Please say how many lines in the records below contain the word "three". Give the number and nothing more.

*** Opening Data shown ***

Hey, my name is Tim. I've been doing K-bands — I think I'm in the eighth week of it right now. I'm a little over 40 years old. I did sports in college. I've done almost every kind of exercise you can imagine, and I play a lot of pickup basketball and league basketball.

*** Closing Data shown ***
*** Opening Data shown ***

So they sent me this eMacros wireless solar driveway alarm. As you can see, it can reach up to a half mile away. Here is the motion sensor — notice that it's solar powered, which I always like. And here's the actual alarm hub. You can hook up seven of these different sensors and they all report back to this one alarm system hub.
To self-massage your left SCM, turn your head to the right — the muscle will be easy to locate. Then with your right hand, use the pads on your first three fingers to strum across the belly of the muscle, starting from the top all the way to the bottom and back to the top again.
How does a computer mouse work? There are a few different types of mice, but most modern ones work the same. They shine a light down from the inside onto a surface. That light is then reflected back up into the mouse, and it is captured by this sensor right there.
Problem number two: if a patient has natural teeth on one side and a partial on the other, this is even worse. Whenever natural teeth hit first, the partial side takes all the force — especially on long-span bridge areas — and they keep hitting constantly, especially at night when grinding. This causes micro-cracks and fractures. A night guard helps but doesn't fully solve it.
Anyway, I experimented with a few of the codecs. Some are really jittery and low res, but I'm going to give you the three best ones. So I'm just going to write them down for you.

*** Closing Data shown ***

Solution to the problem
2